[Material supplied]

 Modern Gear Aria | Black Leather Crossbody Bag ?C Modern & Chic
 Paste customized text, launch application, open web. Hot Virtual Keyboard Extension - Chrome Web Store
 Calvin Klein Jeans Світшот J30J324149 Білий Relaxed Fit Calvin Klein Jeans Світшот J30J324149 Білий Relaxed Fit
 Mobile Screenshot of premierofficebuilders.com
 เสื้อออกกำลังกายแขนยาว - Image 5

[/Material supplied]
[Material supplied]

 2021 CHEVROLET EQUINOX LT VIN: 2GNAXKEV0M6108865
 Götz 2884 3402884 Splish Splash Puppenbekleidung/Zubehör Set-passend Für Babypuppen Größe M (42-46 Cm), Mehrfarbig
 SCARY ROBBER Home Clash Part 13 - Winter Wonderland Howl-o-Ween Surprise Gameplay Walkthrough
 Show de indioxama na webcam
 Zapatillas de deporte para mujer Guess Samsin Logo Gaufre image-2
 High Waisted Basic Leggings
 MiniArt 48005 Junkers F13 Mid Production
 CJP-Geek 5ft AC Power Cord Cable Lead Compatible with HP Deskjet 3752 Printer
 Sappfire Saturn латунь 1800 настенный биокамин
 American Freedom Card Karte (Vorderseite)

[/Material supplied]

_Exercise goal_: One stretch of the lines above is wanted, from the line that contains "Modern Gear Aria" through the line that contains "เสื้อออกกำลังกายแขนยาว - Image 5". Output it exactly.

_Result for this task_:
 Modern Gear Aria | Black Leather Crossbody Bag ?C Modern & Chic
 Paste customized text, launch application, open web. Hot Virtual Keyboard Extension - Chrome Web Store
 Calvin Klein Jeans Світшот J30J324149 Білий Relaxed Fit Calvin Klein Jeans Світшот J30J324149 Білий Relaxed Fit
 Mobile Screenshot of premierofficebuilders.com
 เสื้อออกกำลังกายแขนยาว - Image 5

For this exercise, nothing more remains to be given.